= Charles E. Slayback =

St. Louis philanthropist and grain executive

Charles E. Slayback

Charles E. Slayback (March 27, 1840 – September 29, 1924) was an American grain merchant in New Orleans, Louisiana, and St. Louis, Missouri. He was a founder of St. Louis's Veiled Prophet Organization.

== Early life ==
Slayback was born on March 27, 1840, in Marion County, Missouri, the second child of Alexander L. Slayback of Ohio, a lawyer, and Anna Slayback. In 1847, the family moved from Shelbyville, Missouri, to Lexington, Missouri, where the father died in 1848 at age 31. He had two brothers, Alonzo and Preston, and a sister.

Charles and his brother Preston both registered on the same day for the draft during the American Civil War, but neither served, their places being taken by substitutes, Alonzo, however, raised a regiment, of which he was colonel, and was active in the war.

== Career ==
Slayback left home at age 16 and found employment in a St. Louis commission house with a salary of $25 a month, which was raised to $30 at the end of his first year. He left for another company, where he was made a partner at age 22.

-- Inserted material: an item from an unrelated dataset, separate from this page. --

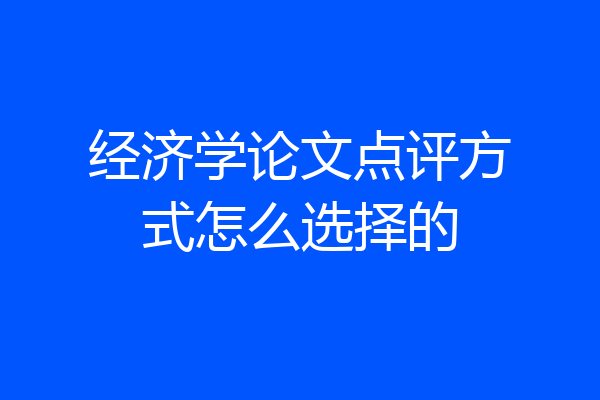 经济学论文点评方式怎么选择的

He subsequently moved to New Orleans, where in 1869, he was elected organizing president of a social and merchandising club. In January 1870, he was elected to the board of directors of the city's Merchants' Bank, one of several directorships of banks and insurance companies he would hold. That same year, he was secretary of a committee of the "leading citizens under the style of an 'Electoral Jury of Fifty'" which was charged with advising Louisiana Governor Henry C. Warmoth on the postwar organization of the city of New Orleans. By 1873, he had his own business in New Orleans and was vice president of the Chamber of Commerce.

Slayback and his family moved from New Orleans to St. Louis over the winter of 1874–75. "He immediately became a factor in the civic life of the city and was famous for his gift of repartee, which made him a welcome guest at social functions, no matter what their nature," the St. Louis Globe-Democrat newspaper wrote upon his death.

Slayback became a prosperous grain broker. For several years, he was chancellor of the American Legion of Honor in St. Louis.

In 1878, Slayback helped establish the Veiled Prophet Society, a club for St. Louis' business elite. He "called a meeting of local business and civic leaders. His intention was to form a secret society that would blend the pomp and ritual of a New Orleans Mardi Gras with the symbolism used by the Irish poet Thomas Moore. From Moore’s poetry, Slayback and the St. Louis elite created the myth of the Veiled Prophet of Khorassan, a mystic traveller who inexplicably decided to make St. Louis his base of operations," wrote Scott Beauchamp in The Atlantic, citing historian Thomas Spencer, who said the organization was intended to help enforce racial and class order in the city.

In January 1882, when Slayback was a principal in Slayback, Smythe & Co., he was elected president of the Merchants Exchange of St. Louis.

== Later years and death ==
Slayback moved to Chicago, Illinois, after 1883 to live with his daughter, Bertha S. Carel. He died there on September 29, 1924. He is buried in Lexington, Missouri.